Modeling problem when N obeys Poisson distribution in binomial distribution

Flame · September 15, 2021, 10:01am

Dear All,

I now encounter a modeling problem, similar to assuming that the data obeys the binomial distribution, where N obeys the Poisson distribution.
y \sim binomial(N,p),\ \ \ \ N \sim poisson(lambda)

Since stan seems unable to handle the situation where N is positive infinity, I assume that there is an upper bound on N, such as 50.

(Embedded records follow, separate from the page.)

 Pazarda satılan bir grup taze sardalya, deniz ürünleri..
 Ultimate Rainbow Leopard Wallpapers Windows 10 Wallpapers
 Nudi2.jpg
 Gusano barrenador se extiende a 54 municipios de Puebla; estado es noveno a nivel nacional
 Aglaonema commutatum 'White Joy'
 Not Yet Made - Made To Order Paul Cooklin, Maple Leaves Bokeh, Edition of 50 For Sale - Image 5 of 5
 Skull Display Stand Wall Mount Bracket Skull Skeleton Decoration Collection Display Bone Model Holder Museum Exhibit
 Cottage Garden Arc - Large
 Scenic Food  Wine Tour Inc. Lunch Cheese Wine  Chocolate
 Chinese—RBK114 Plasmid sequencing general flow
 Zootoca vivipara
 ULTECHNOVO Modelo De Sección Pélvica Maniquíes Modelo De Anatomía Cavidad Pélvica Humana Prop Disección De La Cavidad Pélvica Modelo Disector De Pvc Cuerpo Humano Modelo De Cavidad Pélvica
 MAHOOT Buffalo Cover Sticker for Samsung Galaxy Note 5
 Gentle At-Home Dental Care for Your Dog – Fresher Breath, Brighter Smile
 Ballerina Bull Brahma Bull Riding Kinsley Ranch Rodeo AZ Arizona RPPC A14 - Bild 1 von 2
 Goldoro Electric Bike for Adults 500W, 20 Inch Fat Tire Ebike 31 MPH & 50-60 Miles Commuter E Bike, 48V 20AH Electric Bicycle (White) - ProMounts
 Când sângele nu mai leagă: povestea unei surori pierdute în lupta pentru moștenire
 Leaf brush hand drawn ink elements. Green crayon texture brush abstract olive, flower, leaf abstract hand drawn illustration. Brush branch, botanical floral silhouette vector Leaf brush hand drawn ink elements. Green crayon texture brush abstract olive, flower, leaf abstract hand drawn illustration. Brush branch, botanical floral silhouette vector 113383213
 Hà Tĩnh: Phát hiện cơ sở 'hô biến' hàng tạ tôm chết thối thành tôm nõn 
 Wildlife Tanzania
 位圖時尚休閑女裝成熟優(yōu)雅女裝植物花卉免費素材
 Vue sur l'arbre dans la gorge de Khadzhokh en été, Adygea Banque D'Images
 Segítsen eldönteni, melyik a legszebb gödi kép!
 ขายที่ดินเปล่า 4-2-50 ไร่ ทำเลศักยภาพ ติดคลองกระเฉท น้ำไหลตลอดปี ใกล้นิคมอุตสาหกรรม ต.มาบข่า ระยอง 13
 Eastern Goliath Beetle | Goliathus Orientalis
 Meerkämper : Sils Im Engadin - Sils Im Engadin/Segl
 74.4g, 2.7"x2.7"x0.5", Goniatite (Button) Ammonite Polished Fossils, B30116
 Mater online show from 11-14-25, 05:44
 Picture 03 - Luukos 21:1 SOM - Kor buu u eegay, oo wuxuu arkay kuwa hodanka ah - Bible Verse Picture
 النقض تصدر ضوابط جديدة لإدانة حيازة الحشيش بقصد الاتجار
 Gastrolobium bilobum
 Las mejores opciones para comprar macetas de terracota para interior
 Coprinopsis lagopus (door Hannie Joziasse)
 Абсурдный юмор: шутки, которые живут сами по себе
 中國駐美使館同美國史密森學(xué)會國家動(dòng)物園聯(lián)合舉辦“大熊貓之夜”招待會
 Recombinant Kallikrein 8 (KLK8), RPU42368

I tried to write the model code

data {
  int<lower=0> N;
  int<lower=0> y[N];
  int<lower=0> max_N;
}

parameters {
  real<lower=0> lambda;
  real<lower=0, upper=1> p;
}
transformed parameters {
  vector[N] lp;
  for (i in 1:N){
    for  (j in (y[i]+1):max_N){
      lp[i] += poisson_lpmf(j | lambda) + binomial_lpmf(y[i] | j,p);
    }
  }
}

model {
  target += log_sum_exp(lp);
}

But got the following error.

Chain 4 Rejecting initial value:
Chain 4 Log probability evaluates to log(0), i.e. negative infinity.
Chain 4 Stan can’t start sampling from this initial value.

It seems that the calculation of which step got 0.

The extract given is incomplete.